As dire as Starmer’s control over his backbenchers is, and as high as the probability of autumn tax rises has now hit, the human tragedy of the PM’s welfare U-turn is worse. There is now no hope for the nearly half a million 16-24-year-olds who receive personal independence payment – PIP – or the one in eight young people who are not in employment or education. A whole generation of children are getting hooked on PIP benefits at a younger age – crushing their chance of employment and living well.
I work with such people and my heart breaks for all those entangled on PIP for a range of vague mental health conditions. (All the usual caveats around the state supporting people whose physical conditions require financial help apply, of course.)
In this instance I am thinking with a heavy heart of a 17 year-old girl with no qualifications, work experience, skills, prospects or ambition, called Jane (not her real name). She receives £72 a week in PIP payments, which though intended to liberate, have acted as a millstone on her ability to flourish into adulthood.

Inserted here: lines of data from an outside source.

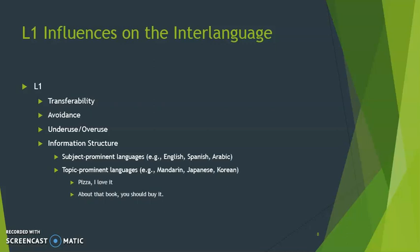It's not that English can't do topic-prominent structures, it's just a little unusual and marked when we do. For example, 'Pizza, I love it' or 'About that book, you should buy it' — compared to the subject-prominent 'You should buy that book.' If you're accustomed to the topic-comment path, it might be hard to switch to a different syntactic pattern, and vice versa.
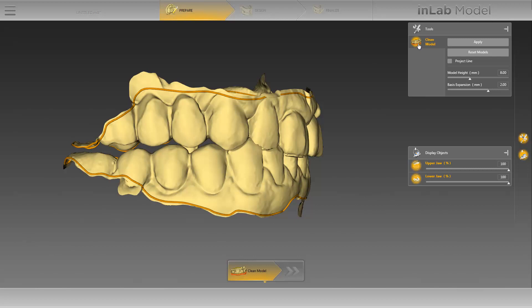We adjust the height to 11 millimeters. You can do this by either moving the slide controller or entering the desired value directly into the corresponding field. Aside from the height, you can also define the width of the model base. We will calculate our model using an expansion of 2 millimeters, and start the process by clicking on Apply.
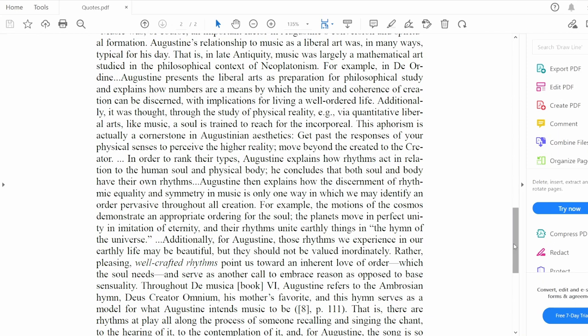Back to John McInnes. For example, in De Ordine, Augustine presents the liberal arts as preparation for philosophical study, and explains how numbers are a means by which the unity and coherence of creation can be discerned, with implications for living a well-ordered life. Additionally, it was thought, through the study of physical reality — for example, via quantitative liberal arts like music — a soul is trained to reach for the incorporeal. This aphorism is actually a cornerstone of Augustinian aesthetics: get past the responses of your physical senses to perceive the higher reality. Move beyond the created to the creator.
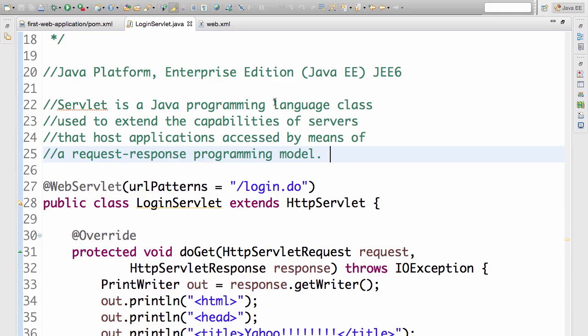That's basically what a servlet is. In this course, we are only interested in web requests—the HTTP request and HTTP response. So we are really interested in HTTP servlets, basically the servlets which can take an HTTP request as input and an HTTP response as output.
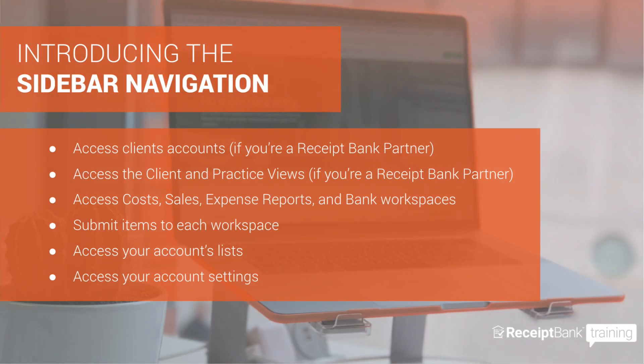We're really excited for what our new navigation heralds for Receipt Bank. We really look forward to sharing new features with you soon. Thank you very much for joining me.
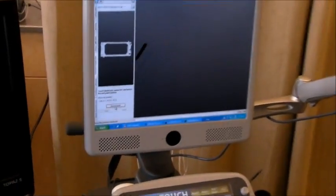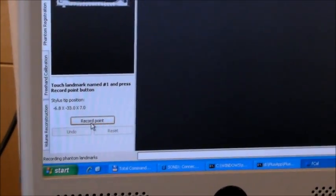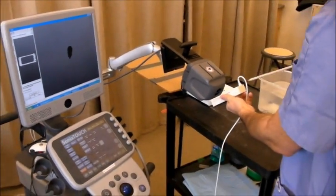It says touch landmark name one and press record button. So, I'm touching the landmark, press the point.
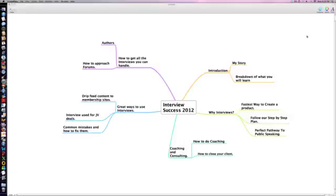This is our Interview Success product and we're going to go through the introduction here. We're going to tell a little bit about my story. I launched my first WSO on December 22nd, just a couple of weeks ago.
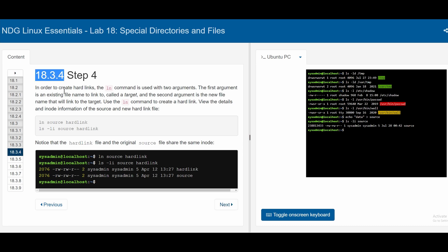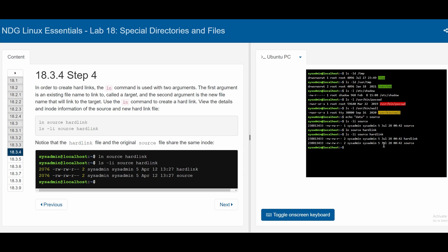In 18.3.4, we're going to create a hard link. The syntax is ln, then our target, then the link name. We do ln source hardlink. We can list this with ls -li source hardlink. We can see the hard link information shows basically the same exact information as source, because ln created a new hard link. We note it's exactly the same inode, and now we have two links instead of one.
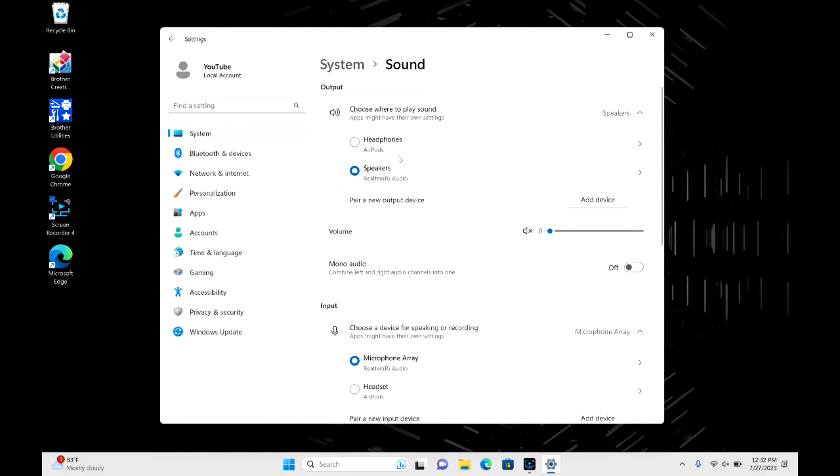So you have to select them as your speakers where it says AirPods. As you see, I just toggled to AirPods as my speakers and so now the sound will play.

Jane did not return to school after lockdown, preferring to stay in her bedroom on her phone. At the age of 15 the local council provided a team (including me) to work with Jane to teach her life skills and encourage her to return to education. She received two-hour sessions five days a week. In spite of this dedicated one-to-one support from a team of very capable tutors, counsellors, art therapists and social workers, Jane has not learned how to tell the time, read a bus timetable or write a CV; she has not applied for any part time jobs, attended college, got a part-time job, learned how to cook nutritious food, established a healthy sleeping regime, undertaken regular exercise or made use of the local library or leisure centre facilities – in spite of being more than capable of achieving all of the above.
When Angela Rayner spoke in last week’s Prime Minister’s Questions about the £1 billion the Government wants to invest in supporting more people to move off benefits and into work, I thought of Jane and despaired. The mentoring, practical and emotional support Jane received from the state was first class, expensive, and yet none of it worked. Why? Because the PIP payments Jane receives take away all motive for action or change of behaviour. Who knew that people respond to incentives?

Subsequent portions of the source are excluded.